What Goes Around...Comes Around: Themes and Meaning

"What Goes Around...Comes Around" is organized around the principle of karmic retribution in romantic relationships. The narrator addresses a former partner who was unfaithful and explains, with a combination of hurt and satisfaction, that the betrayal she committed will ultimately return to her in kind. The song's title phrase, drawn from a widely recognized folk proverb about the eventual consequences of one's actions, frames the narrative as a statement of moral order: people who cause pain will eventually suffer the same.

The emotional register of the song is notably complex. It is not a straightforward expression of anger, though anger is present, nor is it simply a celebration of a rival's comeuppance. Instead, the narrator's tone mingles grief over the lost relationship with a kind of resigned confidence that justice will be served without his having to pursue it. This emotional ambivalence, the coexistence of sorrow and vindication, gives the song a psychological realism that more purely retributive breakup songs typically lack.

A significant portion of the song's lyrical energy is devoted to the narrator's disbelief and sense of betrayal. He had invested genuinely in the relationship and had not seen the infidelity coming, which makes the hurt sharper and the eventual invocation of karma feel more earned than triumphant. Timberlake's vocal performance carries this ambiguity through its range of dynamics: restrained and controlled when describing the discovery of betrayal, more emotionally expressive when articulating the pain of the loss.

The song also engages with themes of self-worth and rejection. The narrator must reconcile his sense of having offered genuine love with the reality that it was not reciprocated honestly. This particular form of romantic wound, the discovery that one's trust was misplaced, is one of the most commonly explored in pop music, but the song approaches it with enough specificity and emotional depth to feel distinct from generic heartbreak narratives.

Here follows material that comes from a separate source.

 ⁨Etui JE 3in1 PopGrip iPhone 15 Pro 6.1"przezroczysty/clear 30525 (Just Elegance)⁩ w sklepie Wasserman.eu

The length of the recording allows these emotional phases to unfold more fully than a conventional three-minute format would permit.

Culturally, the song's karmic framework aligns it with a long tradition of popular songs that invoke natural or moral law as a source of comfort to the wronged party. What distinguishes this example is the sophistication of the production context and the extended psychological elaboration of the narrator's emotional state. Rather than simply stating the moral premise and moving on, the song sits with the narrator's pain long enough to make the eventual statement of karmic confidence feel genuinely earned rather than reflexively retributive.

The music video's narrative, in which the unfaithful partner eventually experiences the consequences of her behavior, provided a visual literalization of the song's thematic argument and contributed to the cultural conversation surrounding the track. The video's dramatic, cinematic approach encouraged audience engagement with the narrative as a complete emotional arc rather than simply as a backdrop to a musical performance. This integration of song and visual text made "What Goes Around...Comes Around" one of the more culturally substantial pop artifacts of the mid-2000s.